Using colors to represent different categories of data is challenging to scale past ten unique colors. Many authors and researchers recommend against it. Colobrewer2 doesn’t go past 12 unique colors. D3.js offers three variants of color scales with 20 unique colors. But what if you want more? Suppose you have a line chart with 50 lines? Or some kind of choropleth map with more than 20 categories?
Dashes Don’t Work
With line charts, one obvious answer is to alter the line style, for example some continuous lines and some dashed lines. In this way a color can be reused, once in a normal style, again as a dash variant, again as a dotted variant. I used to use this approach, but found out that users don’t like dash lines. Why? Dashes might have a gap at a turning point: many financial users want certainty at the local highs and lows. Dashes are also confusable with gaps: in real data there may be a gap and you want to explicitly depict the gap because a gap in data is meaningful.
Like many things in data visualization, researchers want to invent new techniques. But first, it may be more constructive to see how other people solved the problem.
I like to look at cartographers, because there’s 500 years of printed maps to consider for inspiration. There are many variants on line styles: dots, dashes, combinations of dots and dashes and pairs of lines:
Many different simple geometric glyphs can be embedded in lines to differentiate between them: dots, circles, stars, diamonds, boxes, and so on.
Charts, of course, borrow the idea, as seen in Excel’s charts.
These glyph-based line styles could be combined with various colors to create a wide number of different lines, e.g., orange line with stars, orange line with circles, blue line with stars, blue line with circles, and so on.
But, lines with glyphs create visual noise. The high point of a line is confounded with a star making the highest point a few pixels higher. And the entire scene becomes cluttered with circles, dots, stars and diamonds. One suspects that cognitive load may be increased, but some independent studies should be done to confirm the hypothesis.
25 Pair Color-coded Telephone Wires
Instead of glyphs, this post is focused on alternating colors on lines, borrowing an idea from telephone wires.

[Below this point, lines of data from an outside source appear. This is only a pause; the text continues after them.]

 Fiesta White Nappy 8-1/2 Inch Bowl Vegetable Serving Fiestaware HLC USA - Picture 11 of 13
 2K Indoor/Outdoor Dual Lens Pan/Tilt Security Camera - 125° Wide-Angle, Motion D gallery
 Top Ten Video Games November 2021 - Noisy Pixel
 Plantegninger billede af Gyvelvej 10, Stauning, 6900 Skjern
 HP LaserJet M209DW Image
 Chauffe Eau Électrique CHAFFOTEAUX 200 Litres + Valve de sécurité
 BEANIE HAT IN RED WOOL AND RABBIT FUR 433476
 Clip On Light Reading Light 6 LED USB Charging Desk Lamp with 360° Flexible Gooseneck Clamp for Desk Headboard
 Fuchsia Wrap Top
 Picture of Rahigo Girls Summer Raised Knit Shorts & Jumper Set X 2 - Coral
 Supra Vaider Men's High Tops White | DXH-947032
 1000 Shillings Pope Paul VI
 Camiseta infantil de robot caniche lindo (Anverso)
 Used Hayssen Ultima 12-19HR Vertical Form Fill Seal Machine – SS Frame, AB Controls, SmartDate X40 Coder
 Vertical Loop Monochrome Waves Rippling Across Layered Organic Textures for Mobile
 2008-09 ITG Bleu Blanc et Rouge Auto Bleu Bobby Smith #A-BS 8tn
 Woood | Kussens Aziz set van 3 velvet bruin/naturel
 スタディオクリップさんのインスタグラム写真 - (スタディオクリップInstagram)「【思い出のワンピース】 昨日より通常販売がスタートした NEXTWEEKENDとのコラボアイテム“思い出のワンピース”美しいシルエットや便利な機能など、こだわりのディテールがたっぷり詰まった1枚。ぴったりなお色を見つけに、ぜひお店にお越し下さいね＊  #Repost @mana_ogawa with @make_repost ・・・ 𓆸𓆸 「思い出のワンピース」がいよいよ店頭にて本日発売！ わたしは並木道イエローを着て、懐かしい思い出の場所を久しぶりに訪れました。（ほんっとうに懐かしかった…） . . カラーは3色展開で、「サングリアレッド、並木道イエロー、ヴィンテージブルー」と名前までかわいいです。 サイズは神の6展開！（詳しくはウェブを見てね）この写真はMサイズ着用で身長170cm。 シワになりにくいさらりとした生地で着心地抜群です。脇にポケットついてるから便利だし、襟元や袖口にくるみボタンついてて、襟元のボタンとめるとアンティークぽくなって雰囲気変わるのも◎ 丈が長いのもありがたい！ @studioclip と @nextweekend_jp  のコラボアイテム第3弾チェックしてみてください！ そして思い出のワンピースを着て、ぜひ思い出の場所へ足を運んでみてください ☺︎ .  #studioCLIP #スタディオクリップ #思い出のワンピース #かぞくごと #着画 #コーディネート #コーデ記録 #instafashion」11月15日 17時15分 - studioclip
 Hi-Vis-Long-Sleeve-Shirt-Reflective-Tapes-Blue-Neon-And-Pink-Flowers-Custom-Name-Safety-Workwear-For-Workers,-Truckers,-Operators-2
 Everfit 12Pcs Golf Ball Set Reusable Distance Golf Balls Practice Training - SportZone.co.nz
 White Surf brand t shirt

Interestingly, wire-based telephony had the same problem as line charts. You need a get a pair of wires to each household. Those wires need to be bundled together back to the telephone exchange. You need to be able to visually distinguish between the wires when you open up the bundle at any point. You could interactively determine this by successively testing each wire, but that would be slow and cumbersome. And there’s definitely more than 5 houses per exchange, so you need to create some kind of categorization scheme to differentiate among many different lines.
I remember as a kid in our suburban house we had open floor joists in the basement and my dad had wired up phone jacks in each room (this is pre-wireless technology). Unlike 120 volt power wires (black and white), each telephone wire was predominantly one color, say red, with a second color as a small dash every half centimetre, say yellow. So, you could have red with a bit of green or orange with a bit of yellow, green with white and so on. The telephone standard supports 25 pairs of wires, which results in 50 unique color codes. For example, in the top image in this post, the yellow wire with bits of blue can be clearly distinguished from the blue wire with bits of yellow paired beside it.
This color patterning means that a wire can be visually traced through a spaghetti jumble of wires or decoded at either end without needing to see the middle. Presumably the colors were chosen and standardized to meet the needs of telephone repair, for example, under poor lighting conditions. And, given the standard has been around for many decades with worldwide use, it is probably safe to assume that it has some degree of effectiveness.
Using the 25 Pair Color Code with Visualization
What does this mean for data visualization? Using the same approach, line charts could be created with 50 uniquely identifiable lines. Using this approach, the clutter associated with glyphs on lines does not occur and the objection to gaps associated with dash styles is no longer an issue.
Areas could be filled with 50 uniquely identifiable color combinations, and the pattern orientation, size and glyph remain open to either express other data or allow for aesthetics. Points, such as a scatterplot, however, won’t work, unless those points are larger and given a lack of association between adjacent points, the approach might not work well perceptually.
Color-coded lines are easy to implement in SVG (and D3). A line can be plotted twice: the under-line in the dominant color followed by a second line drawn overtop with the secondary color and a dasharray. Similarly, for areas, SVG patterns can be created.
Note that the colors in the telephone wire standard include colors such as black and white. Given that visualizations are typically on a white or black background, the initial colors need to be tweaked for visualization. Perhaps pink instead of white when used on a white background.
So here are 50 lines in a pseudo-random line chart, where each line is colored using a 25-pair color encoding:
A couple of things worth noticing:
- The approach does work in that there are no gaps and each line is clearly and uniquely encoded. Yellow with a bit of green hits the lowest low on this chart.
- A line chart with 50 lines is very crowded. You can see sort-of macro-patterns, with a density of lines starting a bit higher and trending down.
- You can identify where lines appear and reappear, such as the purple line with a bit of pink at the top left, reappears at the top again the right side. You can even visually trace a line, but that requires considerably more effort particularly through an area of congestion.
Does 25 pair color coding really work? The result above seems promising but inconclusive. More tests would need to be done. And more importantly, what are the tasks that a user might need to do on a 50 line line chart? Tracing is an interesting task to consider. What are the other tasks?